Club owners claim they were abiding by social-distancing orders. Lee Dae-jin of a community association of traders in the district said, "Everyone knew young people would come once the clubs were allowed to open again, and the government let us do it. The infected people went back home, but the government continues to cast the spotlight on Itaewon."
As of Wednesday, only four out of about 120 confirmed cases linked to Itaewon clubs and bars actually live in the district.
Returning to foreign teachers, the many negative comments on that MBC report go to show that though the media has not engaged in much negative reporting reporting on foreign teachers in the past half-decade (see an overview here), the negative attitudes toward them have not gone away. This is not surprising, since they are not only related to more traditional xenophobic attitudes, but also to the deep frustration connected with learning English, and the economic fault lines mastery of English, or lack thereof, reveal. Though foreign teachers sit at the nexus of age-old xenophobic fears and reasonable concerns about school reopenings and children's safety, they are, compared to the LGBTQ community, in a far, far more privileged position. To paraphrase what one foreign teacher wrote, 'Maybe we can take some of the heat off the gay community.' The trend in testing of educators so far suggests that this media interest in foreign teachers may be but a passing trend, however.
[Update: I may be wrong about that, considering this article was published today.]

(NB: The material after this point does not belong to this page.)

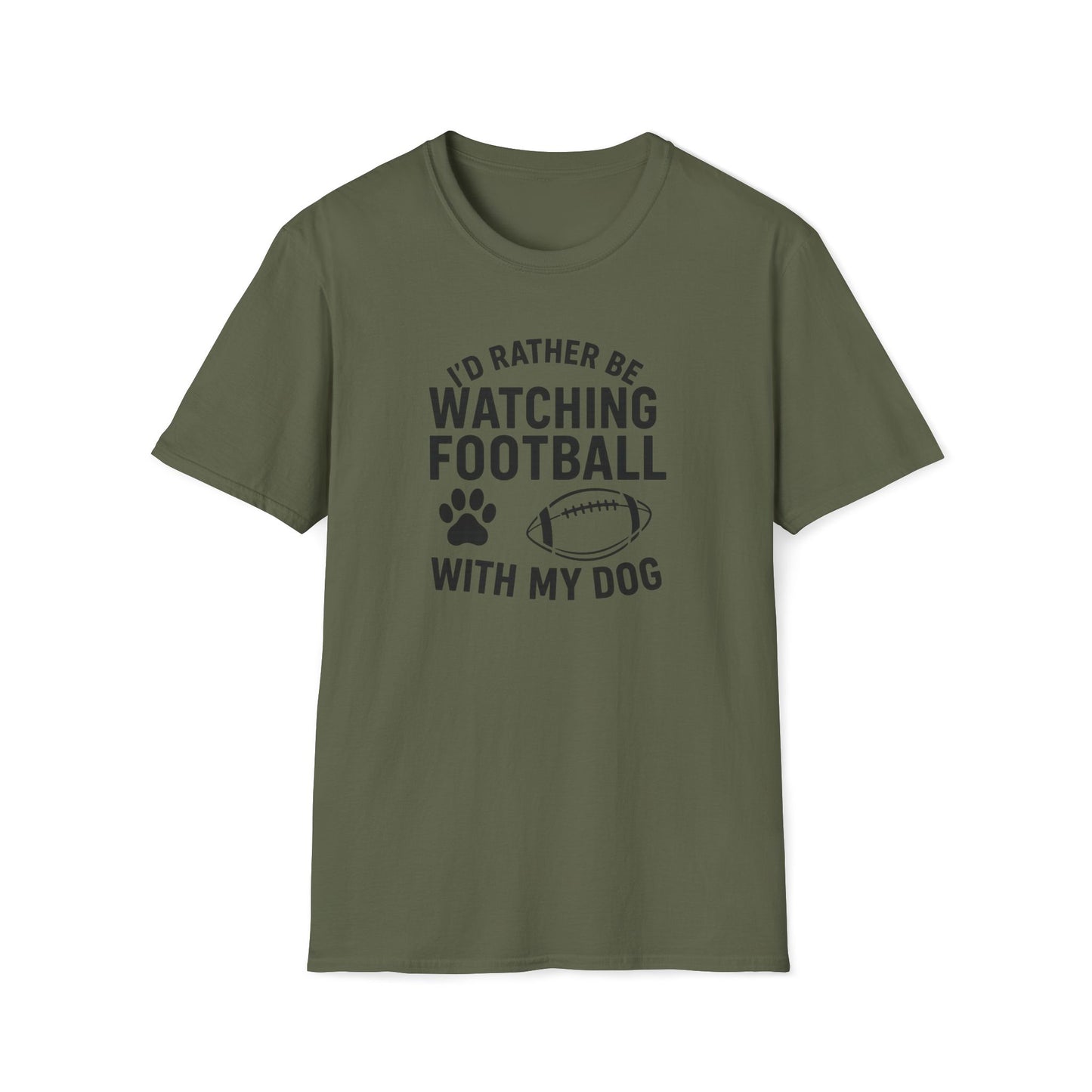 Watching Football B T-Shirt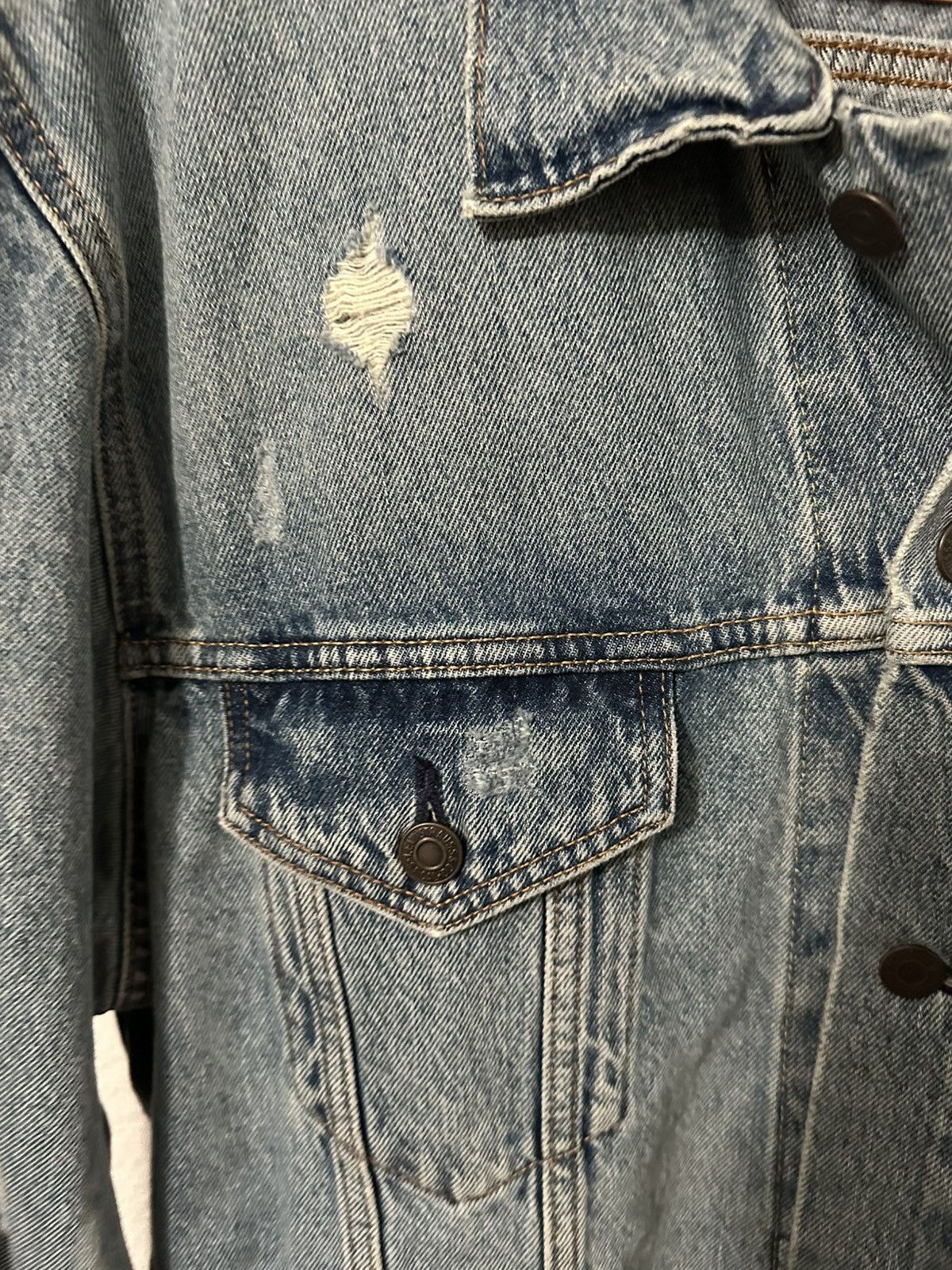 Levi's Vintage Clothing Levi Denim Jacket Size US XL / EU 56 / 4 - 4 Thumbnail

Hopefully the fact that discrimination against the LGBTQ community is so obviously hampering the authorities' attempts to control the spread of the virus will change some minds, at least in the government, about the necessity of trying to prevent such discrimination. I'll admit I'm not all that optimistic, but one can hope.
Update, May 17:
Minutes after publishing this post I was sent a link to a Yonhap News article which argued that even if foreign teachers didn't go to Itaewon, parents should still feel anxiety and be worried about them, and maybe they should all be tested for the disease regardless. I translated that article here. A friend of a friend also translated a number of the comments left on that article. Many were critical of teachers, but quite a few were also dismissive of the 'witch hunt' going on. Still, one argued that US soldiers needed to be tested too (reminiscent of the AIDS scare in the late 1980s), and another showed a certain disturbing mindset: "They are a bad influence. I think recklessly letting foreigners in has something to do with the rising number of gays in our country. I wish we could kick the illegals out and purify the country somewhat."
Anyone hoping for the Korean government to help in such matters should prepare to be disappointed. In a recent interview on German television, Korea's foreign minister said "We don't have a consensus on the rights of the sexual minorities and people with various gender identities." Well, what can you expect from an administration led by a former human rights attorney? Ahem. Still, I suppose she did say the government was trying not to aggravate prejudice against sexual minorities while dealing with COVID-19. And I did notice that one article said to have used discriminatory language against the LGBTQ community no longer contained any when I recently read it, suggesting that either the news outlet decided to edit it or it was told to do so.